INSTRUCTIONS FOR THE TASK
Please return every line below that contains the string "little".

=== Section Start ===

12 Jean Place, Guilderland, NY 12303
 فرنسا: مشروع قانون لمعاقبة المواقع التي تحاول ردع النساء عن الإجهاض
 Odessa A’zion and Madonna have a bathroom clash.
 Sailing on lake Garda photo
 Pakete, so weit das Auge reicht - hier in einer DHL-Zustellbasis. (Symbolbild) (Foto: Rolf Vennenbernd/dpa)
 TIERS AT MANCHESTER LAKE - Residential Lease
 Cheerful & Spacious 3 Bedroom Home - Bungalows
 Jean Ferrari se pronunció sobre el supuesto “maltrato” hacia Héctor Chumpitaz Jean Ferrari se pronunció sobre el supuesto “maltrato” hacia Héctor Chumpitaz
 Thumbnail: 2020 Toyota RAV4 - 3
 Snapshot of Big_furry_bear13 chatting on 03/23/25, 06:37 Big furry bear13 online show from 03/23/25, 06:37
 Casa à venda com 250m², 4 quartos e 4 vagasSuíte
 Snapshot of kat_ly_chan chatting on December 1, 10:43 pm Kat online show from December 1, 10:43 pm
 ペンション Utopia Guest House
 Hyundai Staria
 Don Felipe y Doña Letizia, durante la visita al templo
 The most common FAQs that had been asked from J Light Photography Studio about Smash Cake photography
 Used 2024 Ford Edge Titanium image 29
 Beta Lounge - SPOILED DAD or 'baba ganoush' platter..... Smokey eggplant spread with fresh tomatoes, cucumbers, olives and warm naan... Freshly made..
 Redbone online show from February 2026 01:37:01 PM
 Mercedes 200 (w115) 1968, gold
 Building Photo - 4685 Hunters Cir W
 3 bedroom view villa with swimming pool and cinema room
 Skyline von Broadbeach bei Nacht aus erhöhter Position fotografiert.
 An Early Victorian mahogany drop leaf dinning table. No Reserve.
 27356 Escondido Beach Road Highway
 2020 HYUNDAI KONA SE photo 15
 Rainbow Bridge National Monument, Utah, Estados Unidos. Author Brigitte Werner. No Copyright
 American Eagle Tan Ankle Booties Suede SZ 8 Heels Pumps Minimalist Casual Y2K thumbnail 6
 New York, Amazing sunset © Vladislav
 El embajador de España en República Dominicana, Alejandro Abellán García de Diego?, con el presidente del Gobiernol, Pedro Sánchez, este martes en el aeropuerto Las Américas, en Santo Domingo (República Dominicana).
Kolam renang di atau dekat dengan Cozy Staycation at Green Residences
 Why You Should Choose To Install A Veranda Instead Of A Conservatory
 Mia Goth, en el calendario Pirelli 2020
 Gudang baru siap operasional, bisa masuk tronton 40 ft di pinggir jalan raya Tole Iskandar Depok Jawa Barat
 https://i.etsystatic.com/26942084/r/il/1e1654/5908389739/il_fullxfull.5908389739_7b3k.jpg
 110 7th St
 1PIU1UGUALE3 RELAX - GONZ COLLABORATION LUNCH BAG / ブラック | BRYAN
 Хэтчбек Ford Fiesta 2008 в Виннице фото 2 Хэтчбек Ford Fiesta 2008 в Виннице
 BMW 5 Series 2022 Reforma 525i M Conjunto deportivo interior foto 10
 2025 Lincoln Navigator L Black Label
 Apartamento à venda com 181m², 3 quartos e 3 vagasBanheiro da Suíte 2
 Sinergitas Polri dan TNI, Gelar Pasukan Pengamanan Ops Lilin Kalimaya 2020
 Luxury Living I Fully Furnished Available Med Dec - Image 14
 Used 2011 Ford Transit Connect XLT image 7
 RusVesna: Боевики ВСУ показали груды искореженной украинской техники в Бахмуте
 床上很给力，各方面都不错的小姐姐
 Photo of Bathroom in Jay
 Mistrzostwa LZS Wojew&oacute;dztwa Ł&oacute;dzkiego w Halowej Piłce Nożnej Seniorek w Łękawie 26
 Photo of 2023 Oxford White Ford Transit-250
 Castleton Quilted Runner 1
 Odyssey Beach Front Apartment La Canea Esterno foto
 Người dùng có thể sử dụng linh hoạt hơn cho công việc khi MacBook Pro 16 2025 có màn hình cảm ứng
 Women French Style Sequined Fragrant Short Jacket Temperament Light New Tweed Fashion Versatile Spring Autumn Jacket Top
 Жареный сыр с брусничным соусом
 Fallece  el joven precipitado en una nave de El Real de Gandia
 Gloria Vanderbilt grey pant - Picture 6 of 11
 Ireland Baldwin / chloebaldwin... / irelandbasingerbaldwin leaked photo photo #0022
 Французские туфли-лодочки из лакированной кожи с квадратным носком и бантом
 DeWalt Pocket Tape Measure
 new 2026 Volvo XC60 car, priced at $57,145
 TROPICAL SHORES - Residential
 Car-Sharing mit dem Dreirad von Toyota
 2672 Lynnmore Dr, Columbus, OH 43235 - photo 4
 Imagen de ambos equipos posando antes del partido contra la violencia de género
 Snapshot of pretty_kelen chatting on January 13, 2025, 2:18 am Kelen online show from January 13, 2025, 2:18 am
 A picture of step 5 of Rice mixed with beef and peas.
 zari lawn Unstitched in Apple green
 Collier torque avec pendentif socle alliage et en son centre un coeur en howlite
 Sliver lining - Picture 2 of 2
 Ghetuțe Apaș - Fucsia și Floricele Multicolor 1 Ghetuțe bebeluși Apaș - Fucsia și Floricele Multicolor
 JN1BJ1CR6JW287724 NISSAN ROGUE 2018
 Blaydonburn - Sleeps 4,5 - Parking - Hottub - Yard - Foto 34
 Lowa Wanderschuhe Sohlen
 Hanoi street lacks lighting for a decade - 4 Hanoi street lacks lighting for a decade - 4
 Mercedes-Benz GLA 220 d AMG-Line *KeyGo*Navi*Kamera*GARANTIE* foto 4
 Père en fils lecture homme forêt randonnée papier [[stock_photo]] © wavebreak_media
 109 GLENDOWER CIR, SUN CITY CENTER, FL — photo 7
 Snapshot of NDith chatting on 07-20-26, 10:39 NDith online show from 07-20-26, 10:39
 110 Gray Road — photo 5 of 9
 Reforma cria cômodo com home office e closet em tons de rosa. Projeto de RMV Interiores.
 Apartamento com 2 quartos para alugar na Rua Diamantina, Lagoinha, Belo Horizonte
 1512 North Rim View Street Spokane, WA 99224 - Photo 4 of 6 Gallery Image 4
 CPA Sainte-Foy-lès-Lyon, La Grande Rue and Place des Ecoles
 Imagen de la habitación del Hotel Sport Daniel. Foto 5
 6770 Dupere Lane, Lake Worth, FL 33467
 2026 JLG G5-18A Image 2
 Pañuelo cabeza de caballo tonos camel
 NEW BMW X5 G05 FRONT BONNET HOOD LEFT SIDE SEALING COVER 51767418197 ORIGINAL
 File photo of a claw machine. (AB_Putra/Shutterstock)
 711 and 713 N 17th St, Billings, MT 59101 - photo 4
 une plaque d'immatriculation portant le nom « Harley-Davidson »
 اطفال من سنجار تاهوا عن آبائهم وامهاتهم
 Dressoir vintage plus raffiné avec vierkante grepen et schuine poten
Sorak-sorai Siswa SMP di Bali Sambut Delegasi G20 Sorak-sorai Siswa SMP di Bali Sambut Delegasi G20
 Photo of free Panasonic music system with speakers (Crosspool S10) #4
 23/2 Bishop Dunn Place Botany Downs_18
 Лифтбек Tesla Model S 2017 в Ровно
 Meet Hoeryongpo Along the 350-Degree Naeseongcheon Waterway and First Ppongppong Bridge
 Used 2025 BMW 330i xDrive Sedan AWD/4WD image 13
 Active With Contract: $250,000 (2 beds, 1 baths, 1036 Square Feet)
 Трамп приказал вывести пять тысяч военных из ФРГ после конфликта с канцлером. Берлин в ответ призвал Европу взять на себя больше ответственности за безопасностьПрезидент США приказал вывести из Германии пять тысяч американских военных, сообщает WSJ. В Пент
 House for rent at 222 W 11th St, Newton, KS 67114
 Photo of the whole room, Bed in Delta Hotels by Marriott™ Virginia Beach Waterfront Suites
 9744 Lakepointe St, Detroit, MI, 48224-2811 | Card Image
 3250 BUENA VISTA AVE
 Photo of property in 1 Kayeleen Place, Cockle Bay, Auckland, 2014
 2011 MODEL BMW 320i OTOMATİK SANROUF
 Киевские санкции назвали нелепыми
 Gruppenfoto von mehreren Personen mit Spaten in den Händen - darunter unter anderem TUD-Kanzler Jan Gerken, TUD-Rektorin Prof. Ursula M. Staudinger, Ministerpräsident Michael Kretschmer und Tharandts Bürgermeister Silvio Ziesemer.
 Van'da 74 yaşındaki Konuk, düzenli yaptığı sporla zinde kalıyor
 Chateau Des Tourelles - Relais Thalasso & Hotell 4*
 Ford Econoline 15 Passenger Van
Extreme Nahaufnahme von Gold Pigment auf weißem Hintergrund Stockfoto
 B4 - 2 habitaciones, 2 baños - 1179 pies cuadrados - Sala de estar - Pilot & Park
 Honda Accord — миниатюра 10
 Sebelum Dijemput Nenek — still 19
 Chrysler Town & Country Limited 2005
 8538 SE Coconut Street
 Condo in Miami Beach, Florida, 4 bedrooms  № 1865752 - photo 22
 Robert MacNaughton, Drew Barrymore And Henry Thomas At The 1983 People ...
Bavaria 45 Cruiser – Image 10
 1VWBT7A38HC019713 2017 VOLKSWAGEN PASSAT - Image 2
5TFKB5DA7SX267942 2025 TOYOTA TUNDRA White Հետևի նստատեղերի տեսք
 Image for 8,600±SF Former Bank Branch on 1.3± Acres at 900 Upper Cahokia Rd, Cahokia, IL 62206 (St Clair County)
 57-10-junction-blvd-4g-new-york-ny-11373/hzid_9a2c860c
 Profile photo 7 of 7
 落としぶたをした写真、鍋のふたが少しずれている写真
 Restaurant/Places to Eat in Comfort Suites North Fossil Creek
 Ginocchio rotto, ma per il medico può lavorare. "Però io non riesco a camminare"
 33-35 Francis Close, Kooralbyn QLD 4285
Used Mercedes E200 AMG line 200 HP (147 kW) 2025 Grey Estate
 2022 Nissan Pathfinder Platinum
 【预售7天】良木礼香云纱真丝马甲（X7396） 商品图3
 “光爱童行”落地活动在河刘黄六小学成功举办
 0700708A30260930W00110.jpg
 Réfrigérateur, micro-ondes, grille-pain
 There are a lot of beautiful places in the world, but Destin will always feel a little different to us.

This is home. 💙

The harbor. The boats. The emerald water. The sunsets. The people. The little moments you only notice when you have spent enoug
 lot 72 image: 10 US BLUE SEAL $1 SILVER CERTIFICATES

=== Section End ===

ANSWER TO THE EXERCISE
 There are a lot of beautiful places in the world, but Destin will always feel a little different to us.
The harbor. The boats. The emerald water. The sunsets. The people. The little moments you only notice when you have spent enoug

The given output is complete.